**EXERCISE AIM**
Transcribe only the lines in the data below falling between the line with "A woman in orange" and the line with "Open-concept living area", including those two lines, and leave out any picture.

Segment Start: STUDY MATERIAL

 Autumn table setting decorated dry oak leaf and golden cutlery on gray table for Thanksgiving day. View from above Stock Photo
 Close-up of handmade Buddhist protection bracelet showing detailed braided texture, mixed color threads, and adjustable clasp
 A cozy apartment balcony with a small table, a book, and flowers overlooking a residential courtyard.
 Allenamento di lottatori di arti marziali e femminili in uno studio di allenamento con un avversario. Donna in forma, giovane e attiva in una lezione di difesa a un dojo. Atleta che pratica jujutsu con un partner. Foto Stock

Segment End: STUDY MATERIAL
Segment Start: STUDY MATERIAL

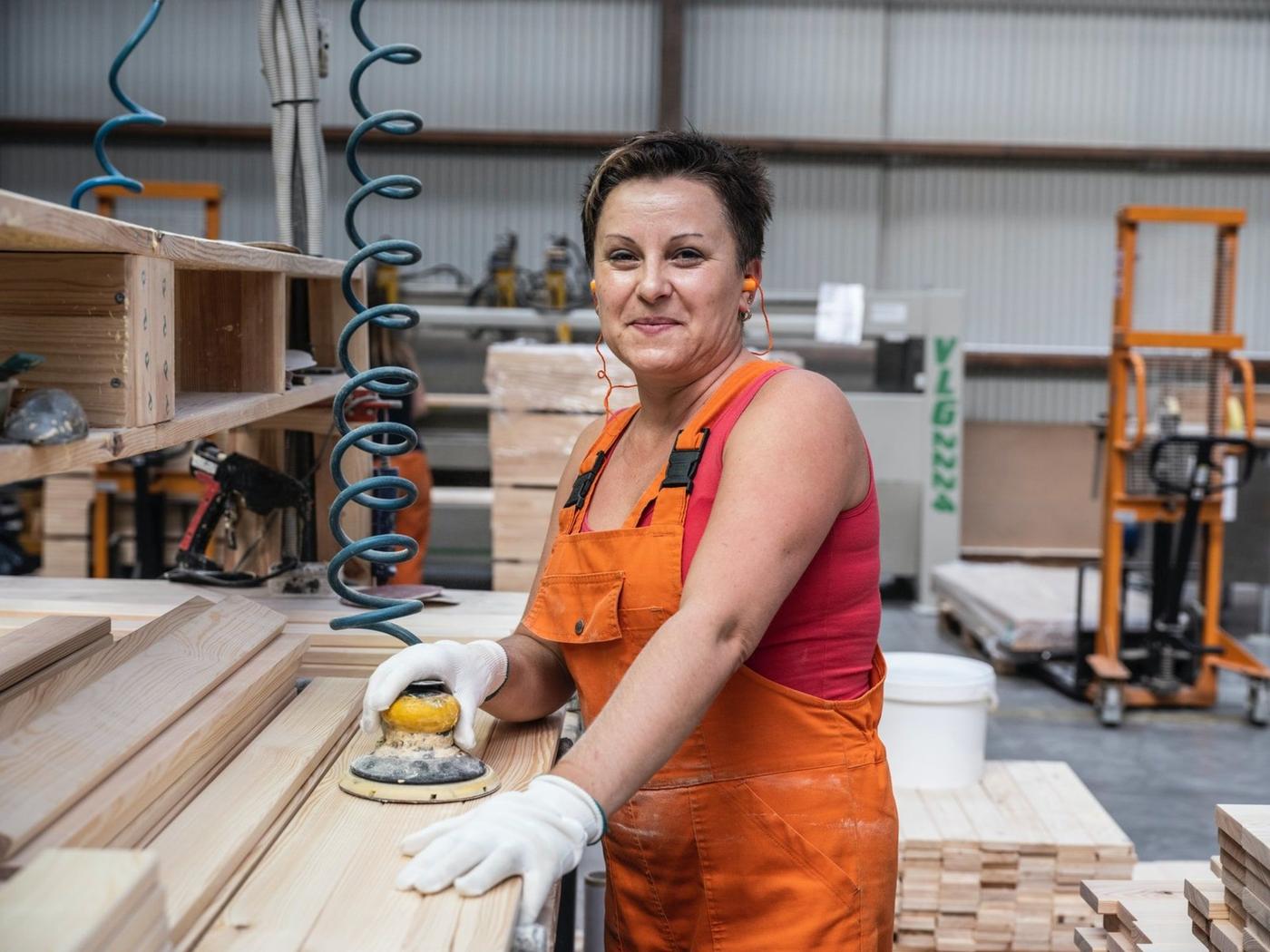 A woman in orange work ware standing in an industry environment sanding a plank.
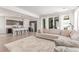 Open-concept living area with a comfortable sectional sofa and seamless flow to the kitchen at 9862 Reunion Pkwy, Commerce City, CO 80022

Segment End: STUDY MATERIAL

**OUTPUT FOR THIS TASK**
 A woman in orange work ware standing in an industry environment sanding a plank.
 Open-concept living area with a comfortable sectional sofa and seamless flow to the kitchen at 9862 Reunion Pkwy, Commerce City, CO 80022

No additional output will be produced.